Forum Discussion
Enterprise Application AWS IAM Identity Centre
Hi
Can someone please help...
I have configured AWS IAM Identity Centre Enterprise Application, this works fine for internal users but I can not get external users working correctly as the username keeps looking at UPN rather e mail
In the Enterprise Application i have set claim conditional
But when I look into AWS under users I still see the guest users have there username set as the UPN in Entra not there E Mail address.
Any ideas as to what i can do to sort this out?

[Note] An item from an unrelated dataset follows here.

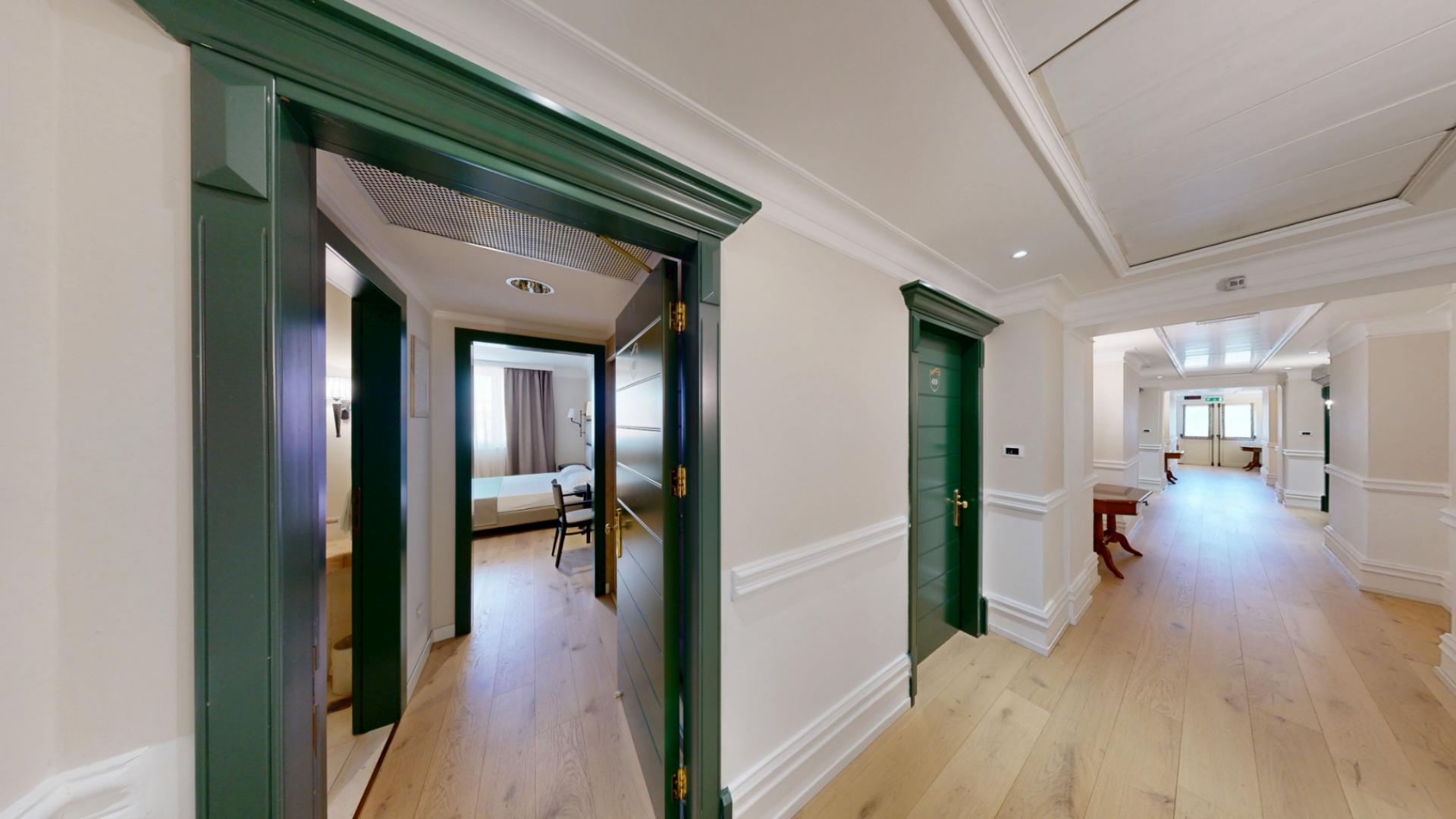 Corridoio elegante con porte verdi, pavimento in legno e una stanza visibile.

IanaMac Hello, to test SAML attestations, you can use debugging tools to understand what Azure AD is sending during the Single Sign-On (SSO) process. Go to the Single Sign-On section of the AWS IAM Identity Center application in Azure AD and click “Test” to generate a SAML request. At this point, check the attributes in the response, paying attention to the NameID and making sure that the “user.mail” attribute is sent correctly for guest users. This will help you figure out if the problem is coming from Azure AD or AWS IAM Identity Center.
- micheleariisSteel Contributor
IanaMac Hello, to test SAML attestations, you can use debugging tools to understand what Azure AD is sending during the Single Sign-On (SSO) process. Go to the Single Sign-On section of the AWS IAM Identity Center application in Azure AD and click “Test” to generate a SAML request. At this point, check the attributes in the response, paying attention to the NameID and making sure that the “user.mail” attribute is sent correctly for guest users. This will help you figure out if the problem is coming from Azure AD or AWS IAM Identity Center.
- IanaMacBrass Contributor
Many thanks for the response, however how do i run the test as a guest user who wont have access to azure -> Enterprise apps?
- micheleariisSteel Contributor
IanaMac Hi, a user with full access and appropriate permissions can simulate the SAML response as if it were a guest user, using the test or impersonation feature. In this way, you can analyze the response sent for guest users without the need for direct access.